Mass spectrometry imaging (MSI) maps the spatial distributions of chemicals on surfaces. MSI requires improvements in throughput and spatial resolution, and often one is compromised for the other. In microprobe-mode MSI, improvements in spatial resolution increase the imaging time quadratically, thus limiting the use of high spatial resolution MSI for large areas or sample cohorts and time-sensitive measurements. Here, we bypass this quadratic relationship by combining a Timepix3 detector with a continuously sampling secondary ion mass spectrometry mass microscope. By reconstructing the data into large-field mass images, this new method, fast mass microscopy, enables orders of magnitude higher throughput than conventional MSI albeit yet at lower mass resolution. We acquired submicron, gigapixel images of fingerprints and rat tissue at acquisition speeds of 600,000 and 15,500 pixels s^-1, respectively.
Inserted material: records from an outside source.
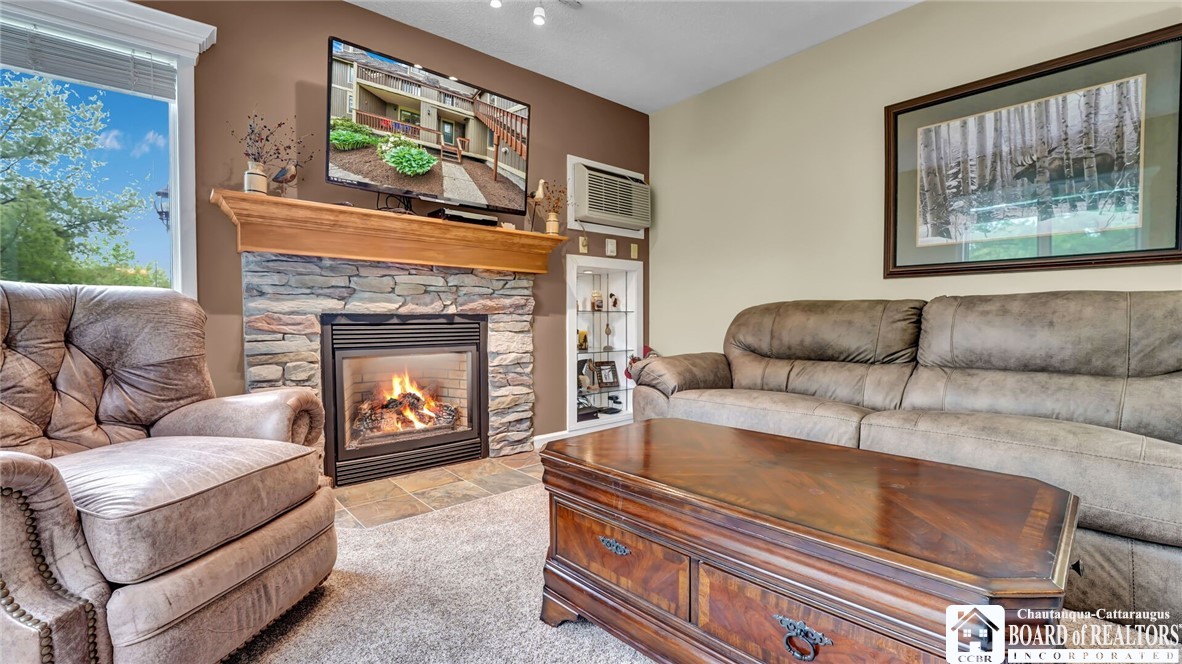 4455 Old Road Camelot 6-101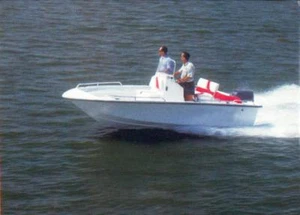 BAY V-HULL CENTER CONSOLE BOAT TRAILERABLE COVER 18'5" TO 19'4" MAX 102" BEAM - Picture 1 of 5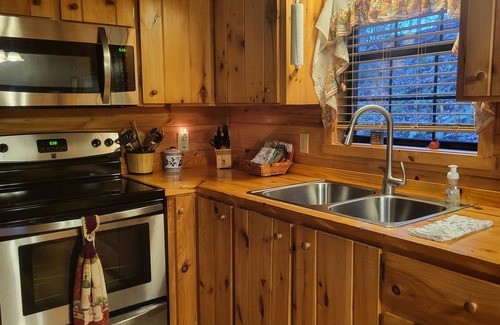 Helen Cabin | Peaceful cabin-Hot tub - short walk2town-Campfire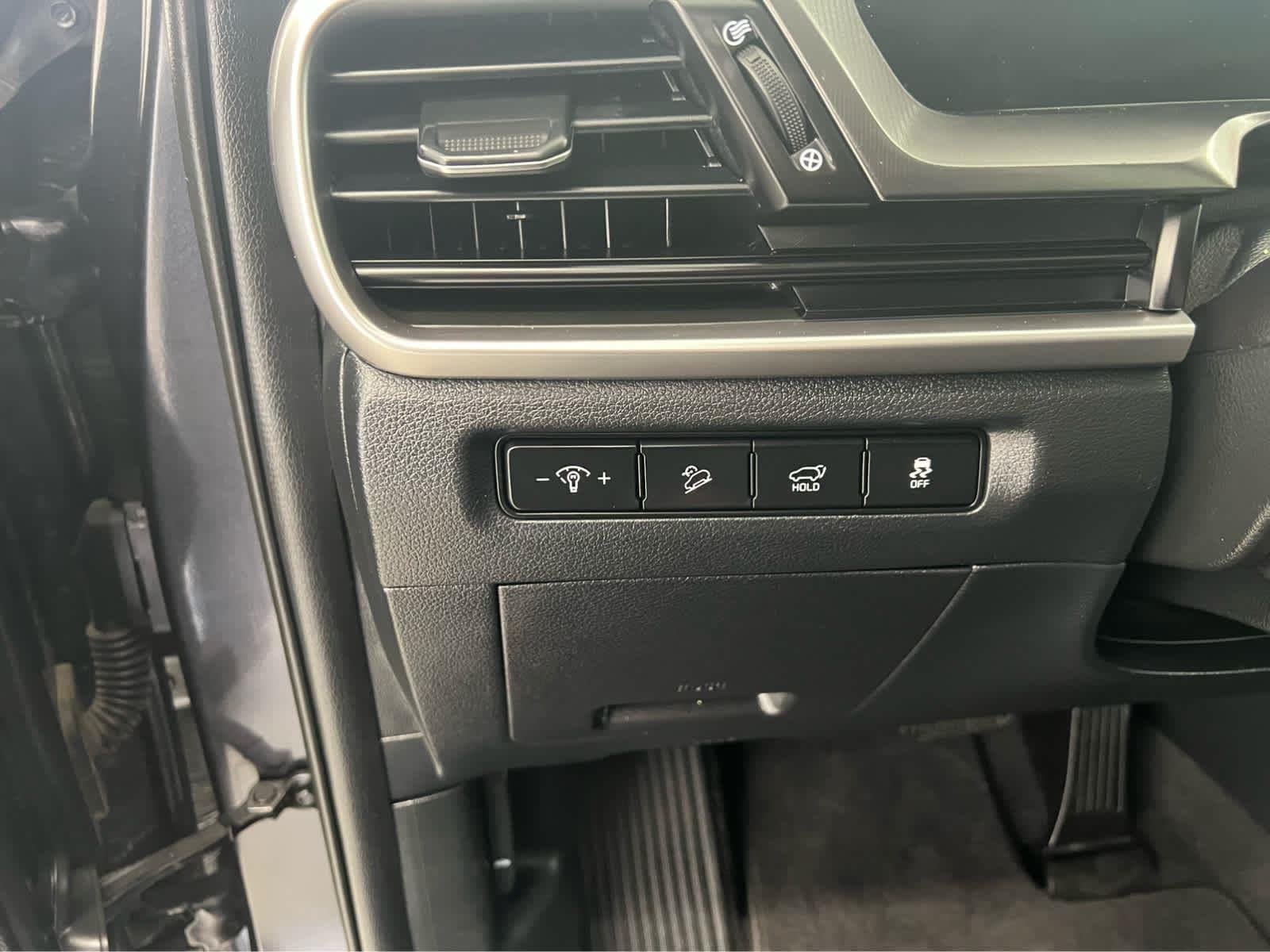 2025 Kia Telluride S - Photo 15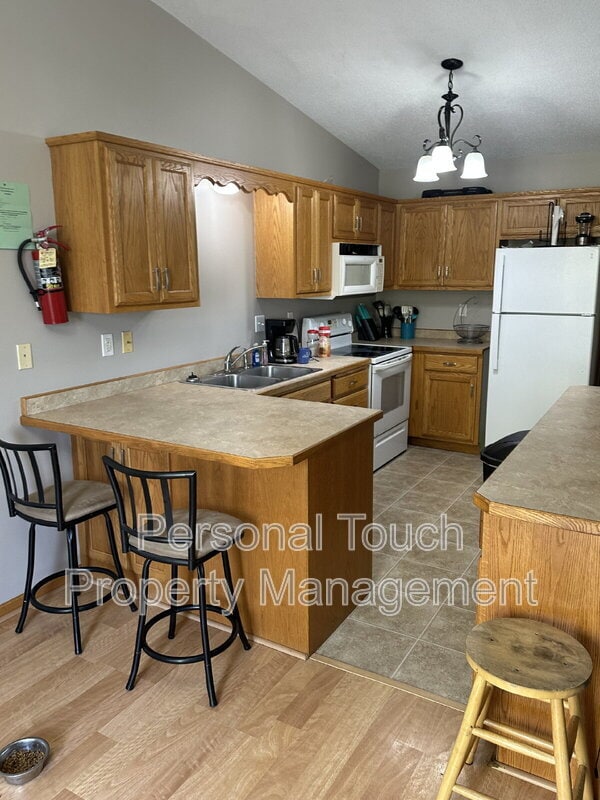 Primary Photo - 3400 10th St S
For the first image, a comparable microprobe-mode measurement would take more than 2 months, whereas our approach took 33.3 min.

Figure 1

Scheme of the mass microscope modified with a TPX3CAM detector. A defocused C₆₀⁺ ion beam irradiates a sample on a quickly and continuously moving stage, generating an ion image. The ion image is extracted into a TOF analyzer and magnified. The mass-separated ion image is projected onto a microchannel plate (MCP), producing electron showers. The electrons are converted into photons by a P43 phosphor screen. The photons are recorded with the TPX3CAM. The data are clustered and time-aligned to sets of single-ion impact coordinates. Ion coordinates are translated to sample stage coordinates and a larger ion image of the stage-scanned sample surface is constructed. A photo of the phosphor screen (top-left corner) shows the distribution of surface ions when the fullerene ion beam irradiates the edge of a TEM grid.

Figure 2

Mass image of a 42 × 23.5 mm² area recorded in 33.3 min (a) A false-color mass image of three fingerprints and a TEM grid on an ITO slide with blue, magenta, and yellow colors mapped to mass-to-charge values (m/z) of 55, 115, and 23 m/z, which are tentatively assigned to either C₄H₇⁺ or C₃H₃O⁺, In⁺, and Na⁺, respectively. A white arrow in (a) points to a box indicating an intermediate zoom (b) of the TEM grid, displayed at a pixel size of 10 μm. A white box in (b) highlights the region of the grid used for magnification in (c–f) that are viewed with pixel sizes of 10 (c), 5 (d), 2 (e), and 0.9 (f) μm. Total ion count (TIC) images (g–j) are shown in gray at pixel sizes of 2 (g,i) and 0.9 (h,j) μm. Images (g,h) are of an identically sized grid imaged at slower speed and show increased ion counts. Viewed at a pixel size of 0.9 μm, the image is >1.2 gigapixels.

Figure 3

Mass image of a 16.5 × 18 mm² area of a rat brain section. Areas (a–e) correspond to m/z values attributed to cholesterol (summed ion hits for M⁺ at m/z 386 and [M–H₂O + H]⁺ at 369, respectively), Na⁺ (m/z 23), monoacylglycerides and their fragments (m/z 338 summed with 354 and 361), C₇H₇⁺ (m/z 91), and K⁺ (m/z 39), respectively, and are viewed with a pixel size of 5 μm. Regions in white boxes in (e,f) are magnified in (f,g) with pixel sizes of 2 and 0.5 μm, respectively. Each area (a–g) was normalized to the most intense pixel within that area. Viewed at a pixel size of 0.5 μm, the image is ≈1.2 gigapixels.